Records of the Czacki School’s meetings provide insight into the school’s daily concerns. “By reading those records, one gets the impression that it was mostly the Jewish students who had trouble keeping up with the classwork, were frequently late to class, and were dirty,” writes Wierzcholska. The Jewish students didn’t speak Polish well and chatted to each other in Yiddish. They often missed class on Saturdays or misbehaved. The Polish teachers called them lazy and negligent with their hygiene.

This attitude was similar to the general antisemitic biases in Poland, especially in the 1930s. People didn’t value cultural and religious diversity and  instead regarded Jews as outsiders who needed to be turned into good Polish citizens. In the Staszic School, where 50% of students were from needy Jewish families, more attention was paid to helping them master Polish and overcome other obstacles. The school’s genial director played an important role in the treatment of Jewish students, the author surmised.
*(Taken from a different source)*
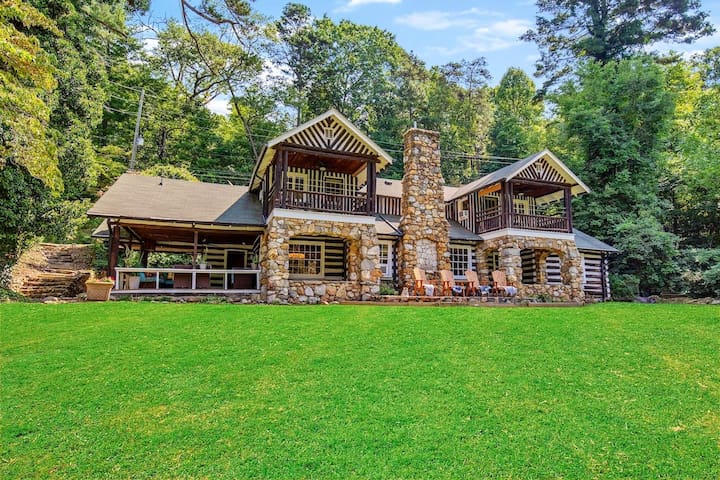 The Magnolia Lodge – 9 minutes to downtown AVL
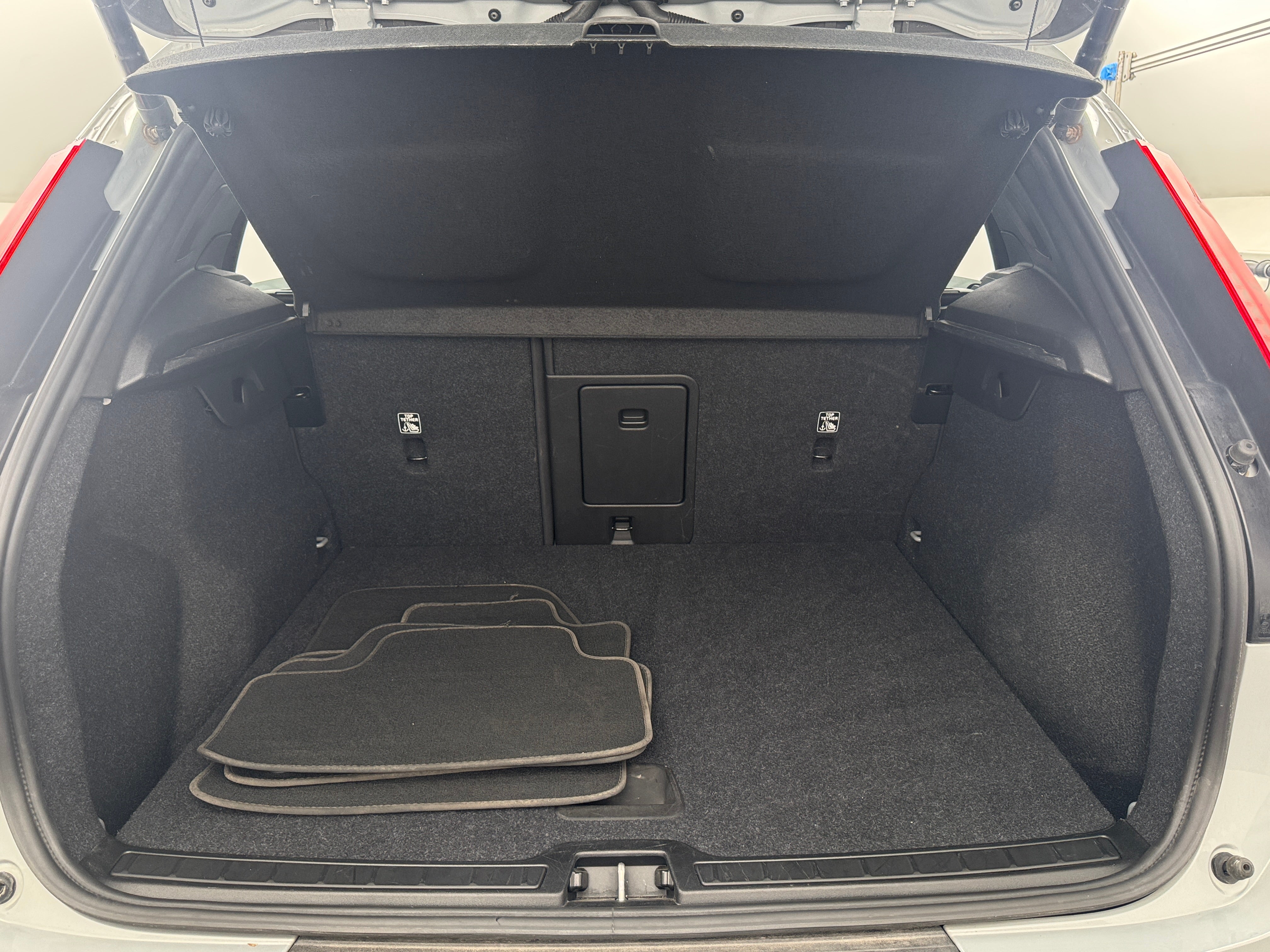 2024 Volvo XC40 B5 Core 6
After the required seven years of middle school, students had the option to continue their education in a gymnasium (a European high school), which required tuition. Jewish children from well-to-do families could attend the bilingual Polish-Hebrew private school, Safa Berura. In contrast to the Polish gymnasiums, Safa Berura was coed. Ideologically the school was secular Zionist but its goal was to educate Jews who were loyal Polish citizens, yet proud Jews as well.

The dream of Polish-Jewish coexistence vanished with the breakout of World War II. The Germans invaded Tarnow on Sept. 7, 1939. The second half of Wierzcholska’s book details daily life under German occupation. Just like in the first part of the book, the author devotes a good deal to the relations between Poles and Jews. In 1940, the Germans deported the political, spiritual, and cultural elite of Poland to Auschwitz. Many other Poles were forced into slave labor.
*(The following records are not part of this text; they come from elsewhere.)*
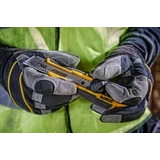 Kép 3/3 - DeWalt Tördelhető pengés kés, műanyag rögzítő csavarral 18mm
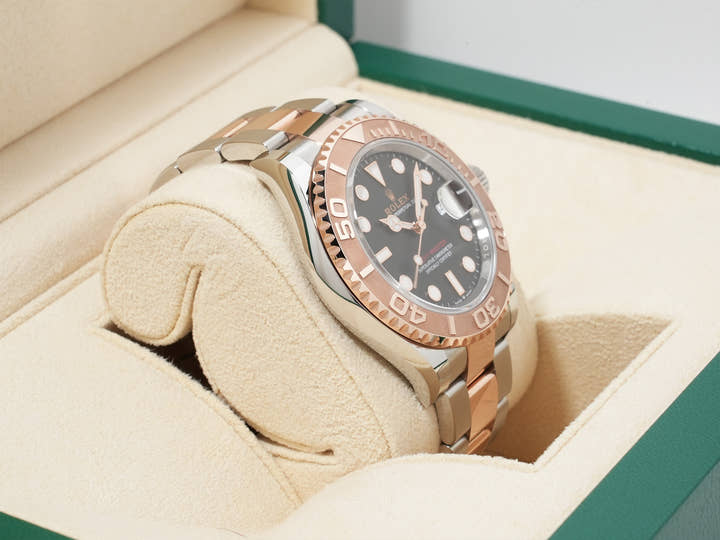 ロレックス ヨットマスター40 Ref.126621 ステンレススチール/エバーローズゴールド ブラック文字盤 未使用 ssnpizqu
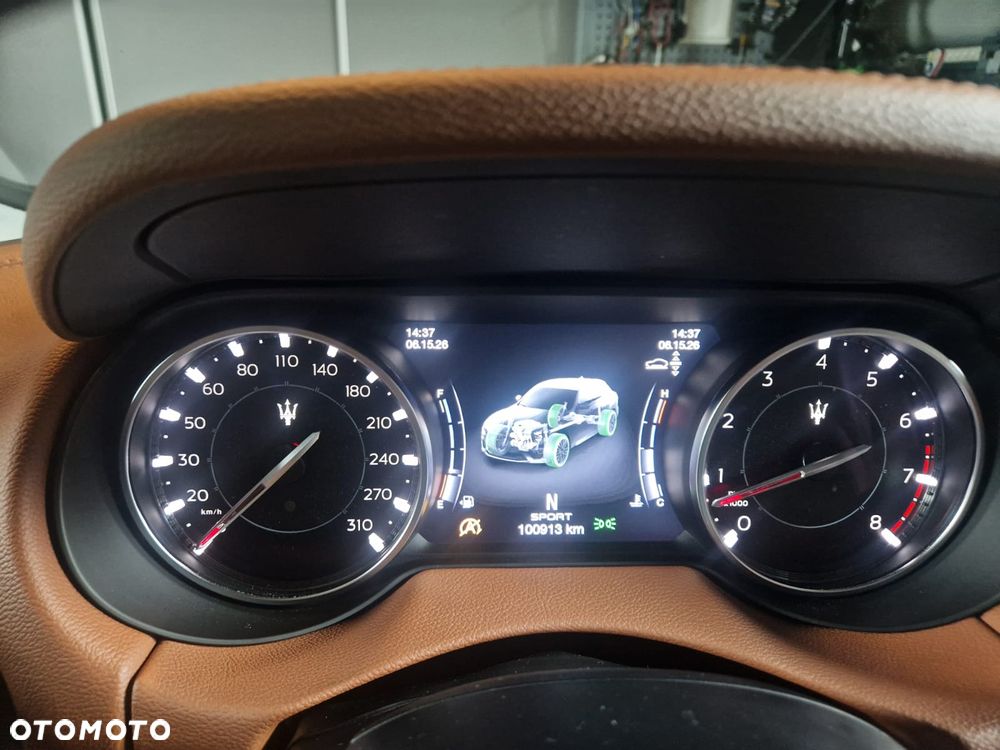 Maserati Levante - 17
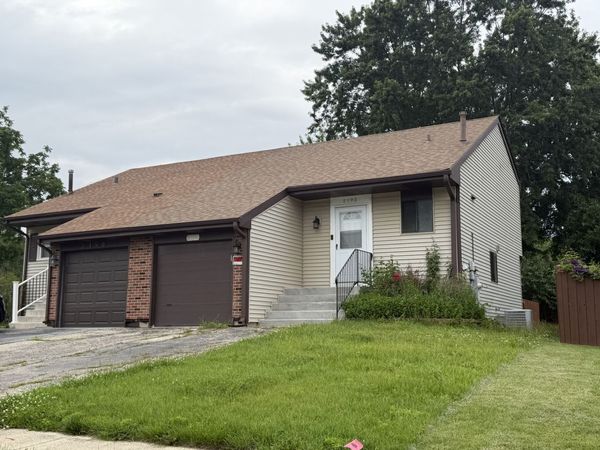2192 Wildwood Lane , Hanover Park, IL 60133
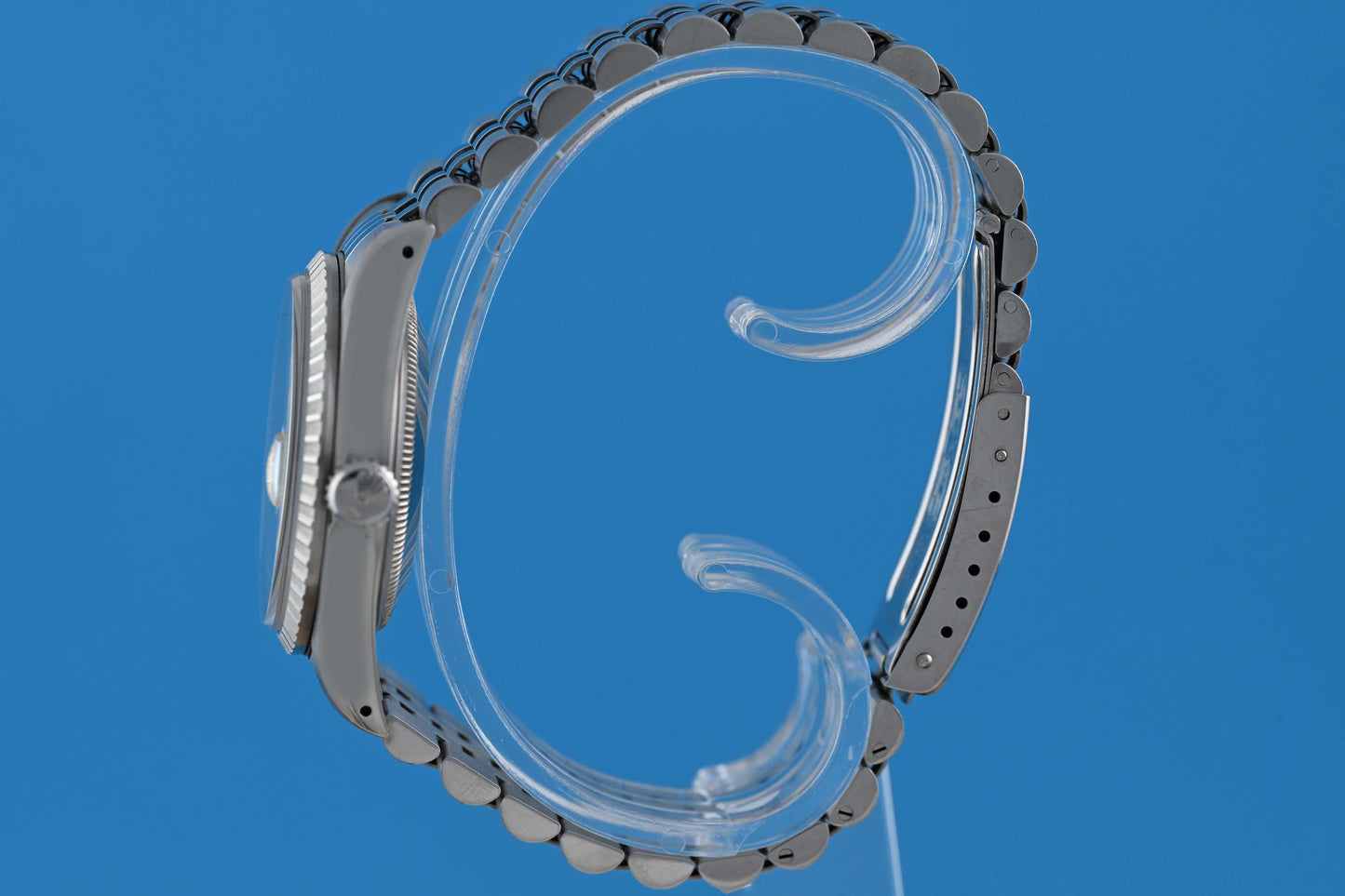 Rolex Oyster Perpetual Datejust 16220 - Blue Dial - Full Set - LC100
The fate of the Jews was much worse. Right after the start of the occupation, Jews were locked out of all economic and public activities. On Nov. 9, 1939, one year after Kristallnacht in Germany, the Germans burned and destroyed every synagogue. The systematic murder of Jews started after June 1941, when Germany invaded the Soviet Union. The first Jewish victims were those who fled to the Soviet Union in 1939, and then returned to Tarnow. There was no ghetto in Tarnow until the summer of 1942. Until then, Jews and Poles still lived as neighbors.

The mass deportation of Jews started on June 11, 1942, when the Germans drove hundreds of Jews into the town marketplace, and from there to the Belzec death camp. Other Jews were murdered in the street or at home by Nazis, occasionally aided by the victims’ own neighbors. Most Poles didn’t actively participate in the mass murder of the Jews, but did plunder the possessions they left behind.

The issue of guilt of bystanders who witnessed but didn’t actively participate in the Holocaust, is morally and historically complicated. Wierzcholska demonstrates that many Polish citizens helped Germans identify Jews who tried to escape from the ghetto, since the Germans were often unable to tell the difference between a Jew and a Pole.

Wierzcholska pieces together the history of the annihilation of the Jews of Tarnow through hundreds of anecdotes and facts taken from private memoirs, interviews, archival documents, news reports and other sources. We hear a chorus of Jewish and non-Jewish voices sharing memories while the photographs provide a glimpse of the faces and homes that once enlivened Tarnow.

In the broader narrative of the history of Jews in Poland, Tarnow was no exception. But Wiercholska’s important research reveals some of the individual fates that would otherwise remain unseen, allowing readers to understand what it was like to live through this tragedy.